=== Exercise ===
Using the entries that follow, transcribe only the lines from the line with "A ceremony presenting" to the line with "Weihnachtsstimmung 3er-Set Kunstdrucke.", both included, exactly as they stand and without pictures.

=== Data to process ===
---------------

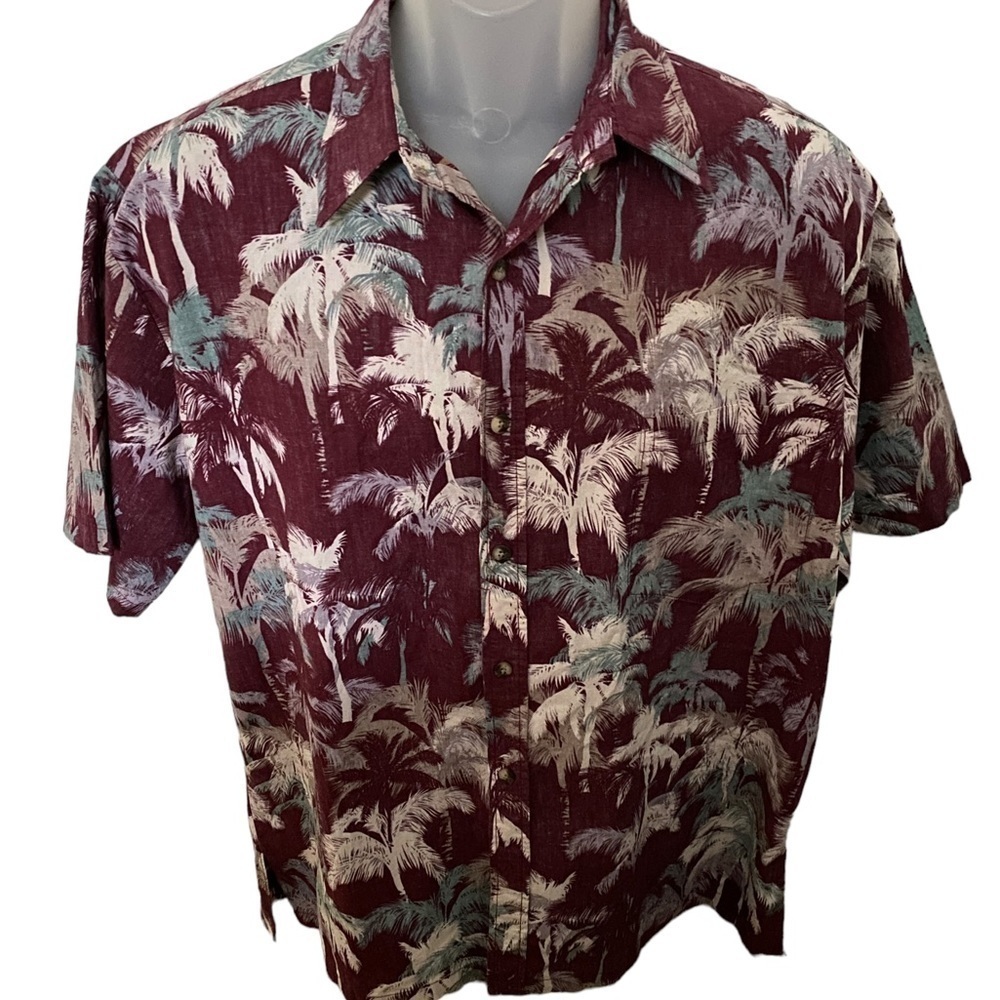 TORI RICHARD Honolulu Maroon Tropical Floral Aloha Hawaiian Shirt Men M Medium - Picture 1 of 5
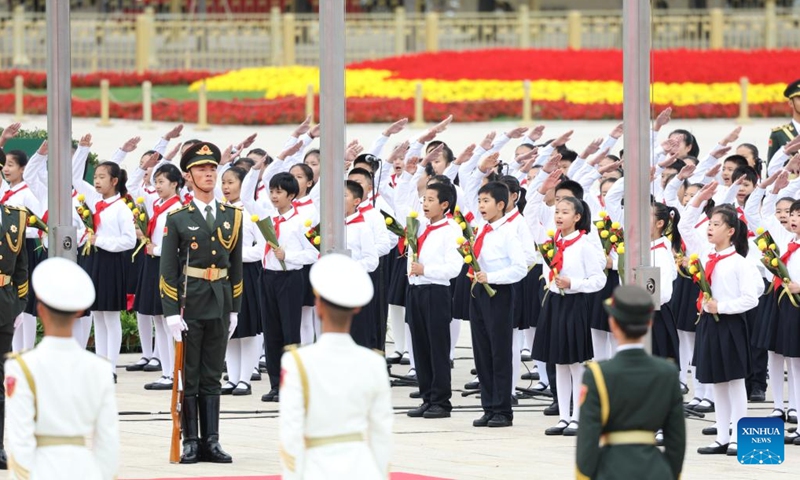 A ceremony presenting flower baskets to fallen heroes to mark Martyrs' Day is held at Tian'anmen Square in Beijing, capital of China, Sept. 30, 2024. (Photo: Xinhua)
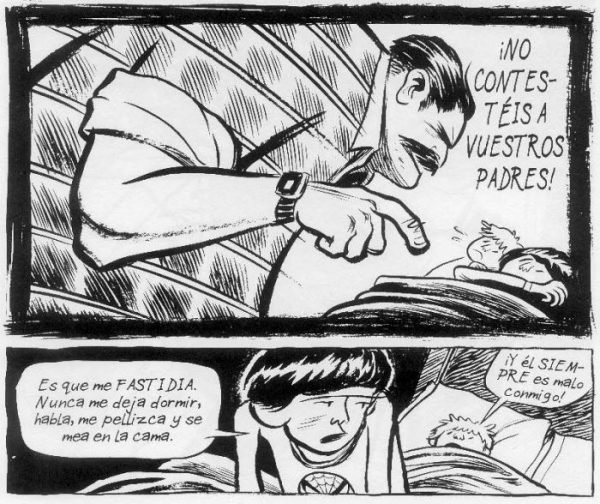 Padre regañando a los niños Padre regañando a los niños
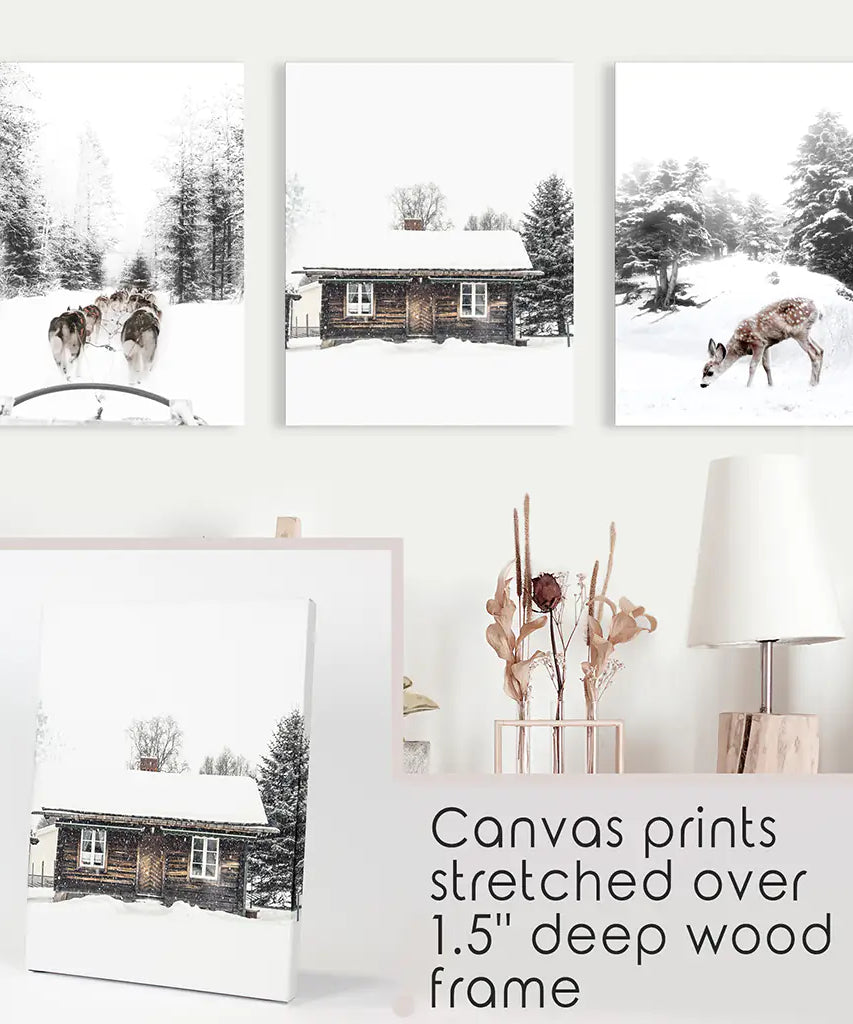 Weihnachtsstimmung 3er-Set Kunstdrucke. Rehkitz, Blockhütte, Schlittenfahrt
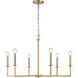 Dunne 6 Light 30 inch Lacquered Brass Chandelier Ceiling Light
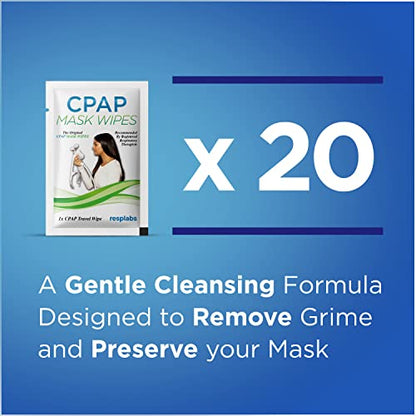 resplabs CPAP Mask Cleaning Wipes - Unscented, Alcohol-Free Cleaner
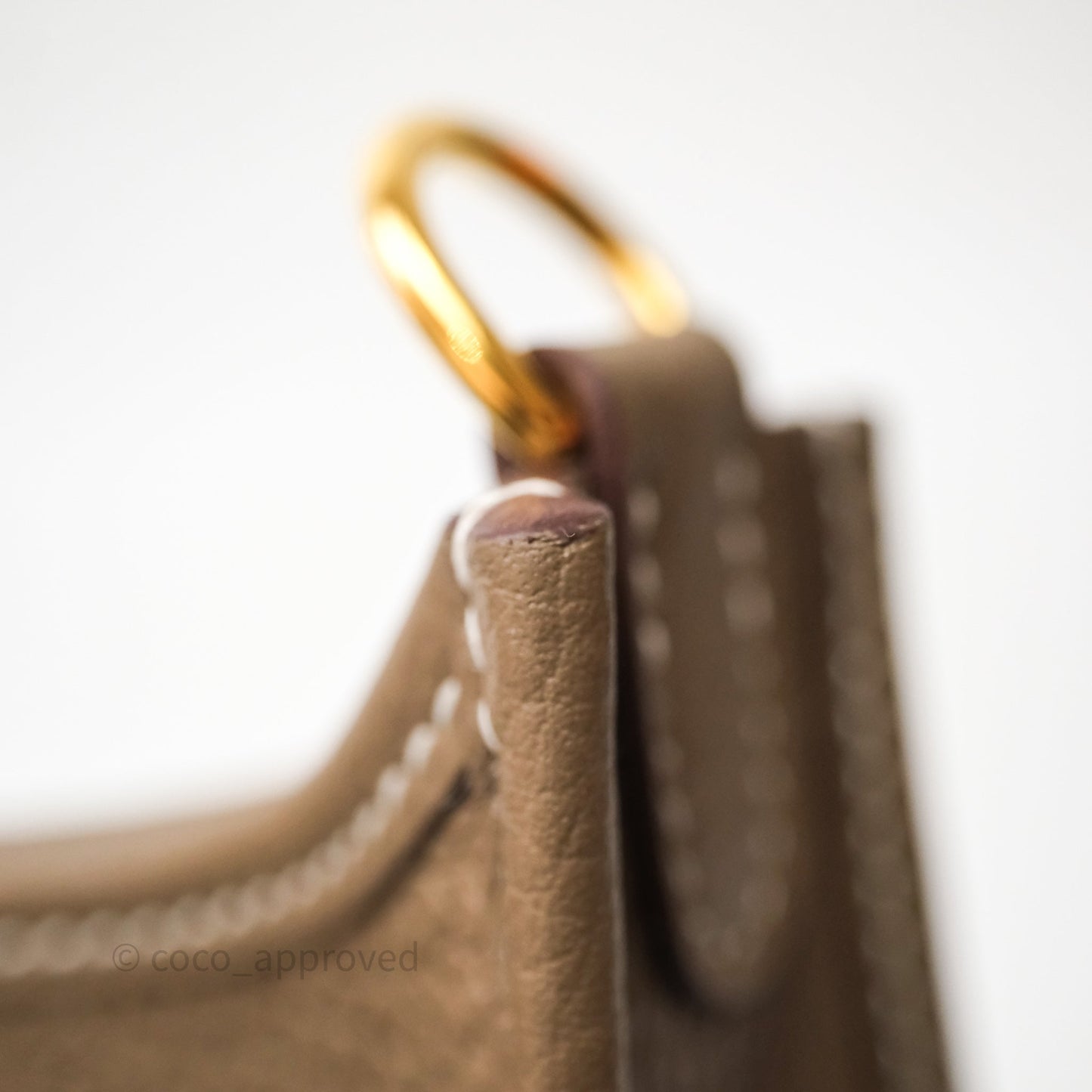 Hermès Mini Evelyne 16 Etoupe 18 Clemence Gold Hardware Bleu Indigo Strap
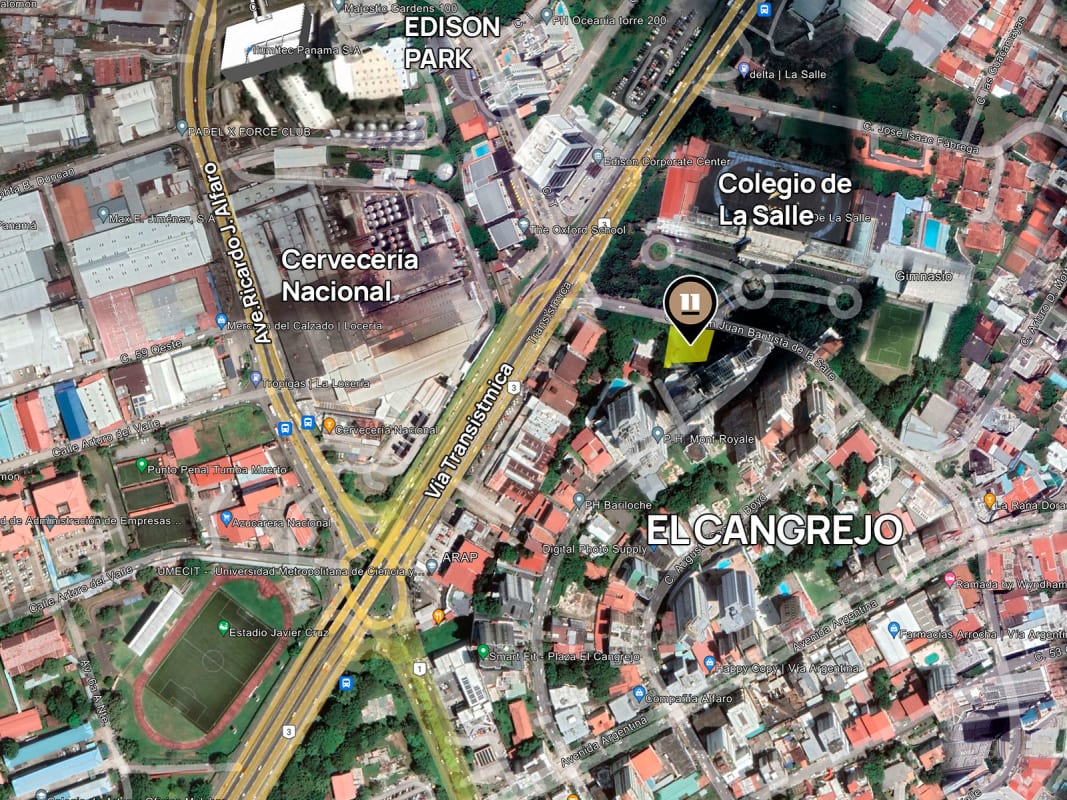 Satellite map showing development lot location near Colegio La Salle Via Argentina in El Cangrejo Panama City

---------------

=== Solution to this task ===
 A ceremony presenting flower baskets to fallen heroes to mark Martyrs' Day is held at Tian'anmen Square in Beijing, capital of China, Sept. 30, 2024. (Photo: Xinhua)
 Padre regañando a los niños Padre regañando a los niños
 Weihnachtsstimmung 3er-Set Kunstdrucke. Rehkitz, Blockhütte, Schlittenfahrt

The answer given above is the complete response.